The quadruple bottom line started as the triple bottom line; judging companies by their social and environmental performances as well as shareholder returns. Corporate governance graduated this year as another measure of company's performance due to investor concern after the fallout of the Enron affair.

Long seen as public enemy number one by many in America's mining industry, Hair was appointed secretary general of the new London-based International Council for Mining and Metals in October. Described as the mining industry's new pin-up boy, the world's mining conglomerates are hoping Hair can put a new spin on things.

Born out of the Global Mining Initiative, established in 1998 by Anglo American, BHP Billiton, Codelco, Newmont, Noranda, Phelps Dodge, Placer Dome, Rio Tinto and WMC, the ICMM has a mandate to become the global voice of the world's mining and metals industries.

The 12 companies driving the ICMM have adopted a by-law whereby the company's representative on the council must be the chief executive of the company, ensuring companies move in response to initiatives. Each company is paying $1.5 million in annual fees and all members are capped at above US$3 billion. Many of the world's mining and metal associations are also now signing up as associate members.

While shareholder returns continues to dominate the agenda in Australian boardrooms, in America there is a different story emerging. Shareholders are increasingly demanding companies are rated by the quadruple bottom line. Hair said massive funds such as the Californian Public Employees Retirement Investment System (Calpers), which had US$151 billion to invest, were determining investment opportunities based on a number of fronts including shareholder return, environmental and social performance, and good corporate governance. Calpers recently withdrew investment from Indonesia, Malaysia, the Philippines and Thailand based on concerns about governance.

Mining stalwarts such as WMC's Hugh Morgan have for a long time realised that years of bad publicity would soon start eating into the corporate bottomline. Speaking at a conference in Perth two years ago, Morgan declared that the mining industry needed to better prepare itself after its poor showing at the Rio Earth Summit in 1992.

"We were not at Rio," Morgan said in Perth. "We woke and were very surprised by the outcomes of Rio. We feel that we have being going backwards, backwards financially and backwards in terms of public acceptance. Bluntly we are often not trusted."

The next World Trade Summit in Johannesburg in September will mark the 10th anniversary of Rio, where the world's governments committed to cutting greenhouse gas emissions by 2010 in a potentially life threatening move for the resources industries.

The ICMM is currently meeting in Toronto, Canada to form its policy contribution to the Johannesburg conference. Hair told Australia's Mining Monthly Toronto would refine the council's message and Johannesburg would mark the launch of the new look mining industry body.

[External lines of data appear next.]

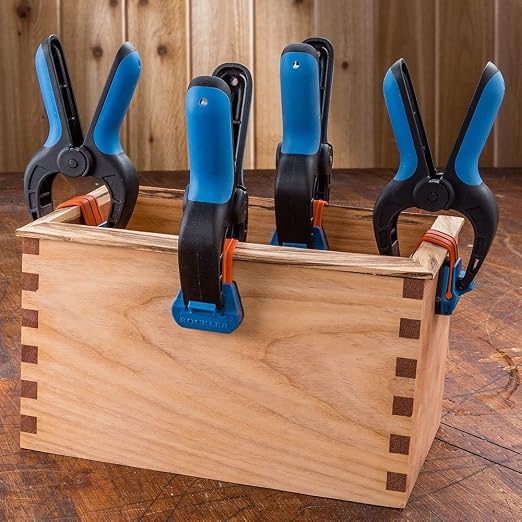 Rockler Bandy Spring Clamps (3-Pair) Easy Squeeze Band Clamps for Thinner Stock & Delicate Moldings One-Handed Operation Medium Nylon Hand Clamps w/Fiberglass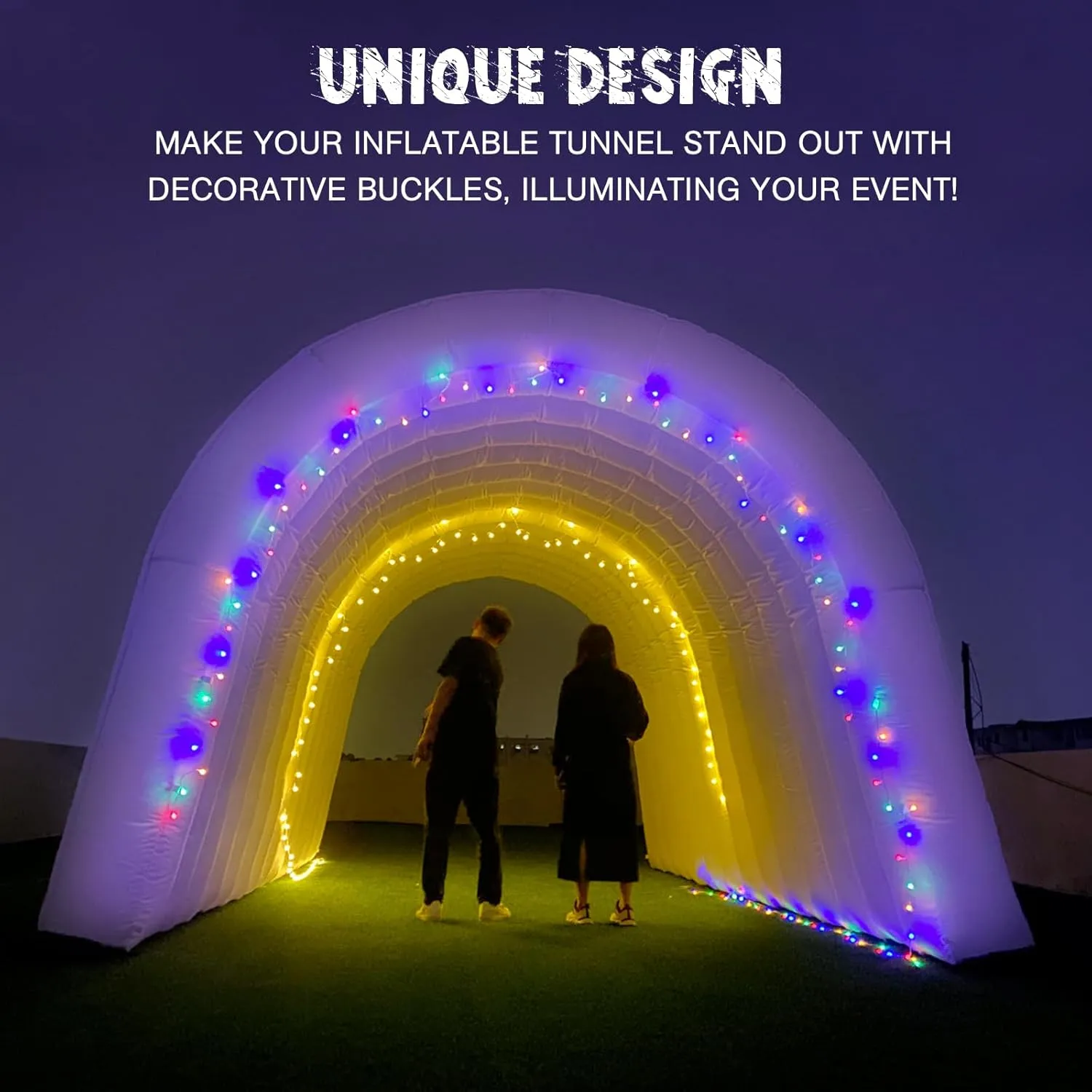OZIS 16FT Inflatable Tunnel Sports Tunnel Entrance with Installed Blower Inflatable Tunnel Tent for Business Advertising Event Exhibition Promotion,Street,Shop,Supermarket,School(Blue, 16x10x10ft)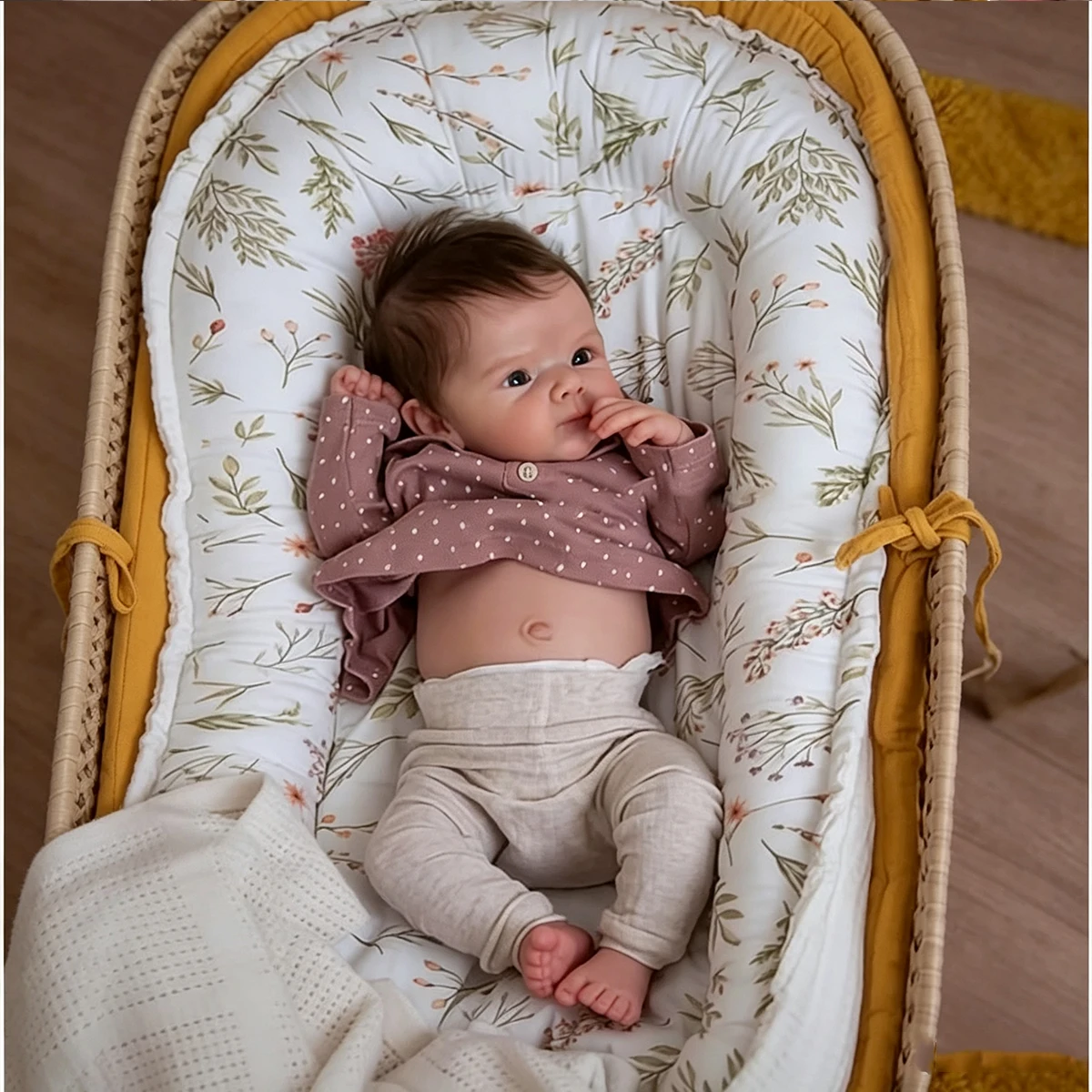 Reborn-Babypuppe, realistische Neugeborenenpuppe, 20 Zoll, Mauve-Rosa und Burgunderrot, inklusive gestrickter Mütze und Outfit, Vollsilikon-Reborn-Babypuppen – 50 cm realistische Babypuppe,
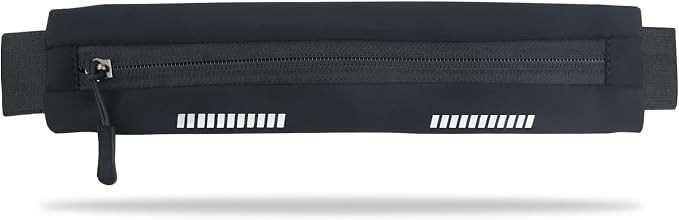 Entchin Slim Running Belt, Runners Fanny Pack for Women Men, Elastic Phone Holders, Money Belt Bag for Yoga & Gym (Black)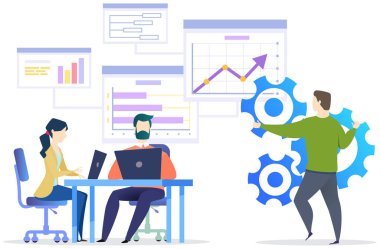 Çalışanlar istatistiksel göstergeleri, iş verilerini analiz ederler. Karakterler pazarlama araştırmalarıyla çalışır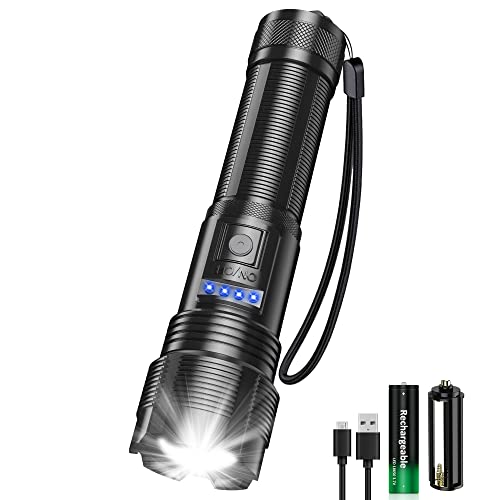 iToncs Taschenlampe LED Aufladbar, Hell Taschenlampe XHP50, Legierung Taktische Taschenlampe, Zoombar Flashlight, IPX67 Wasserdichte Handlampe mit 5 Lichtmodi für Outdoor Camping von iToncs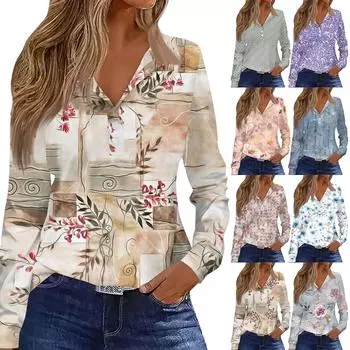 Женская футболка с принтом и пуговицами, с длинным рукавом, на каждый день, на выходные, мода, базовые топы с V-образным вырезом и лацканами, обычные топы L серый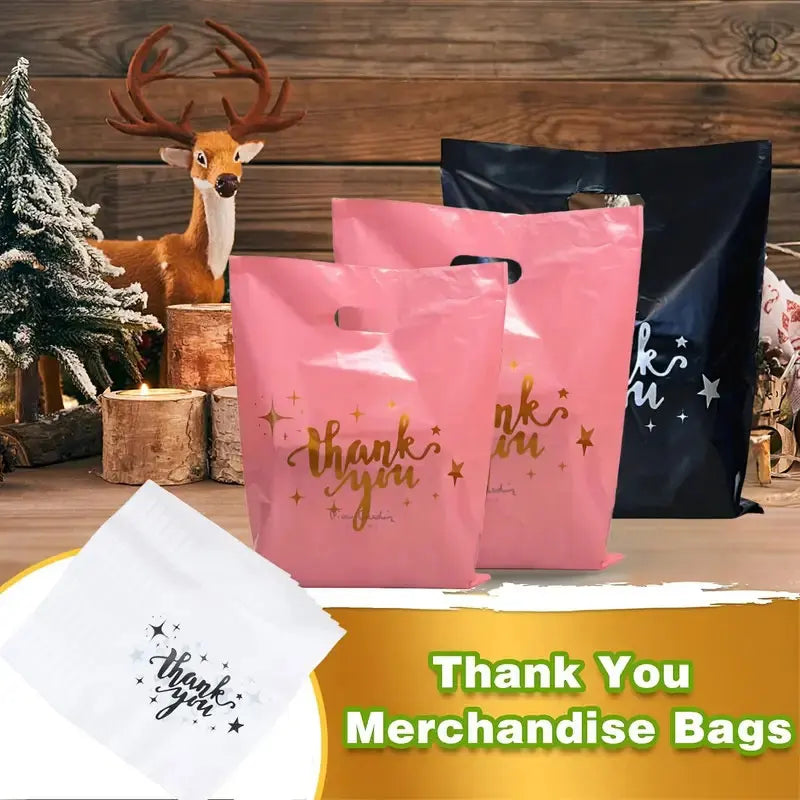 Thank You Gift Bags with Handles – Pack of 50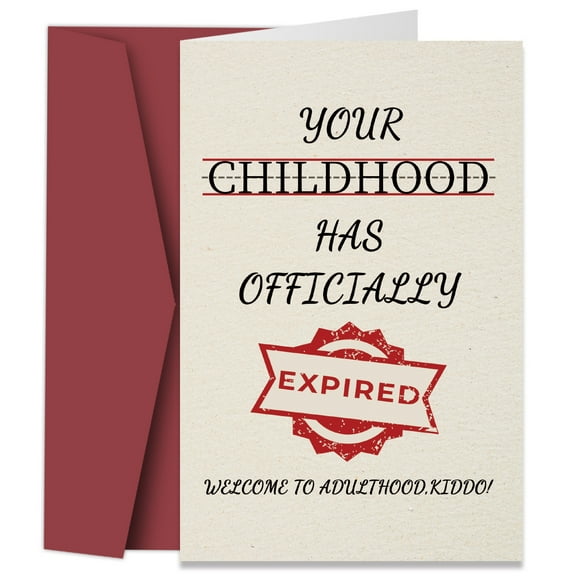 Your Childhood Has Officially Expired Greeting Card - Perfect for Birthdays and Milestones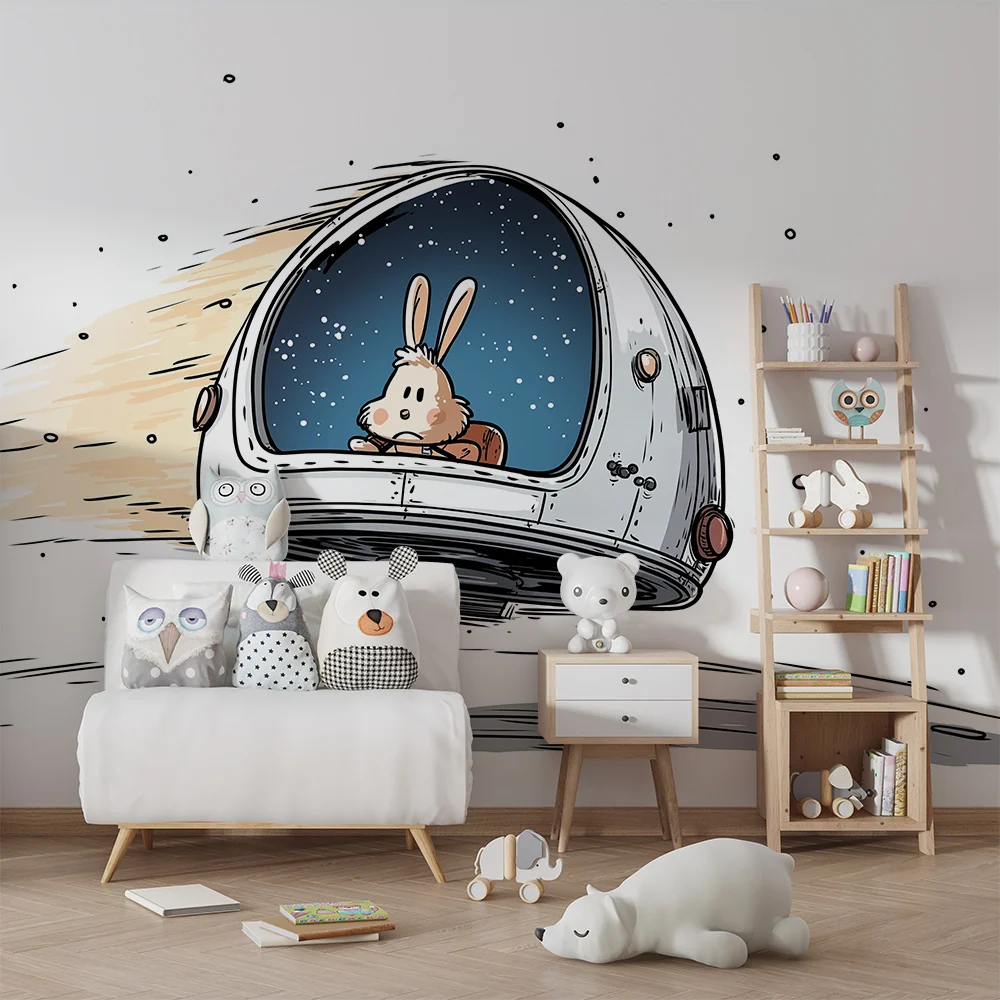 Dětská pokojová tapeta | Kosmická cesta králíka astronauta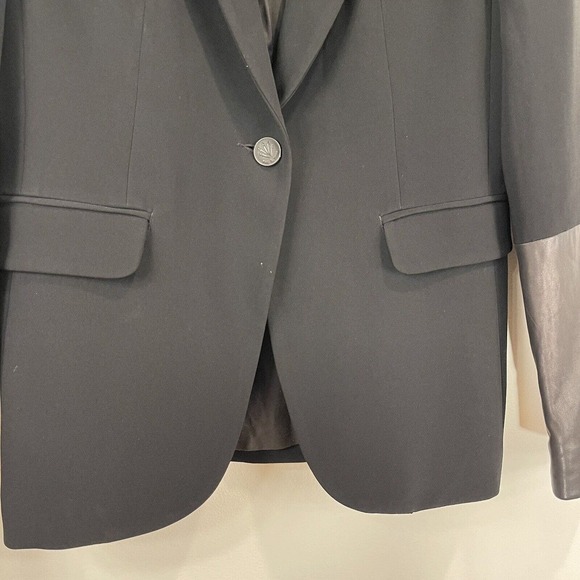 Rag & Bone | Black/Black Timeless Single Breasted Blazer with Leather Trim NWT 4 - Picture 7 of 16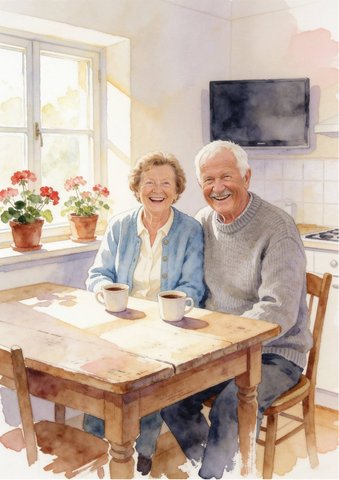 Ganzseitige Illustration: die beiden heute beim Kaffee am Küchentisch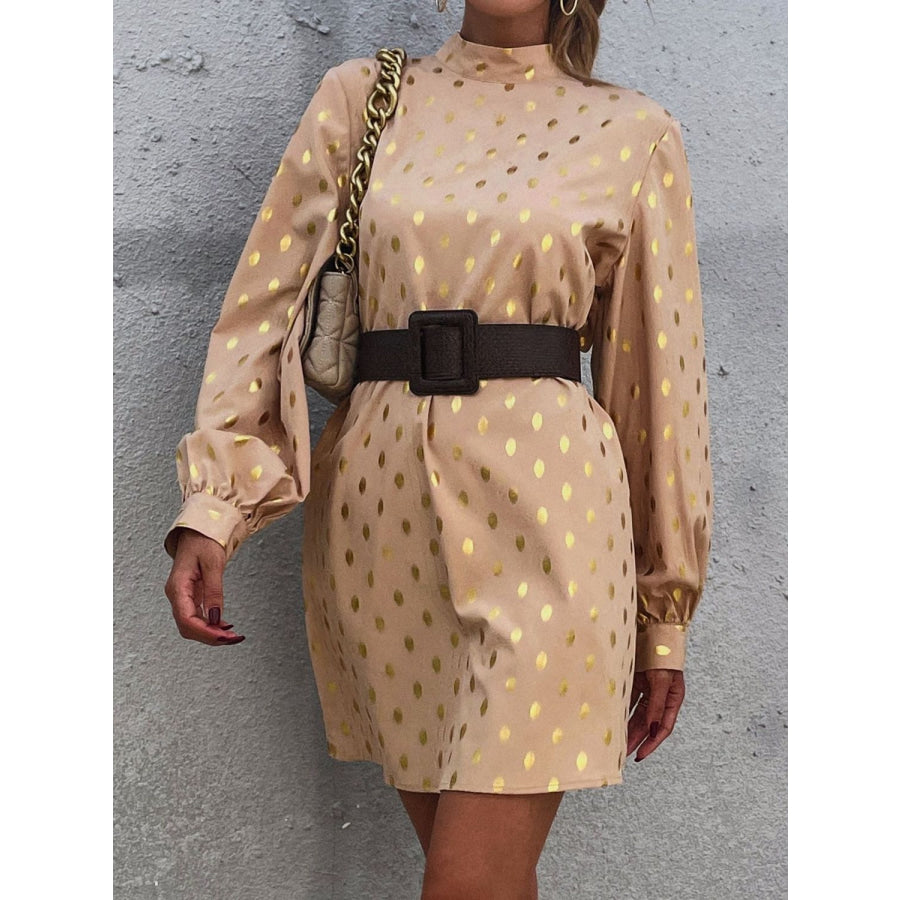 Printed Mock Neck Long Sleeve Mini Dress Apparel and Accessories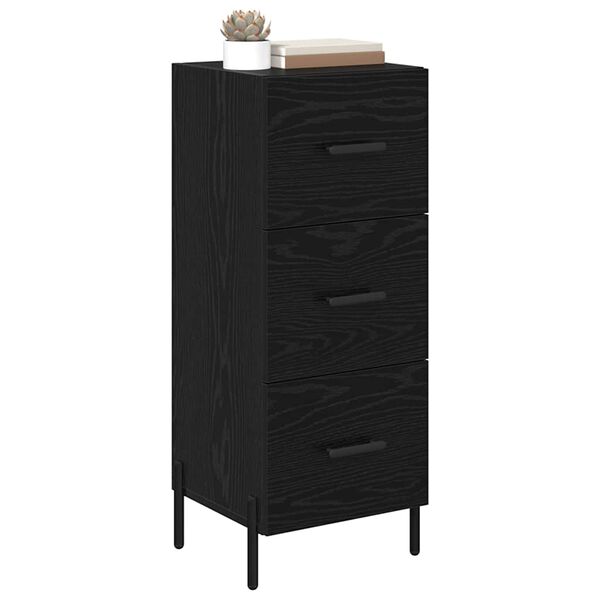 vidaXL Buffet Chêne noir 34 x 34,5 x 90 cm Bois d'ingénierie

According to Hair, the mining industry's political position is quite clear-cut. Realists, such as Morgan, understood that critics of the mining industry's social and environmental track record were not going away, he said. The mining industry had to move towards sustainable development, which Hair defined as "making economic progress, protecting the environment and being socially responsible".

Unless it changed, mining's reputation in the eyes of the public would continue to decline.

"The average person on the street has a very negative image of mining," Hair said. "It is a combination of growing unhappiness, and in many cases legitimately so, about the past environmental practices of the mining industry and the serious legacy issues of abandoned and orphan mines.

"I tell folks if you are going to sail into your future you can't be anchored in the past."

Hair said the mining industry could tackle growing public dissatisfaction on several fronts. Rents collected by governments from mining companies could be used to alleviate poverty, increase infrastructure and improve human rights.

"Everyone knows mining is not sustainable," Hair said. "And they're right.

"But if rents from extractive industries were properly allocated by democratic governments to meet broad needs, then you can put in place infrastructure around which you have a base for other economic activities, perhaps totally unrelated to mining."

Hair said mining and minerals had a long history of underpinning economic development, driving technological advances and often in many cases providing the only route to alleviating poverty in countries such as Latin America, Indonesia and Africa. However, the industry's poor reputation for environmental disaster, conflict with communities and its inability to communicate its own progress had overshadowed any positive developments.

"To put it bluntly its [the mining industry's] license to operate is under threat," Hair said.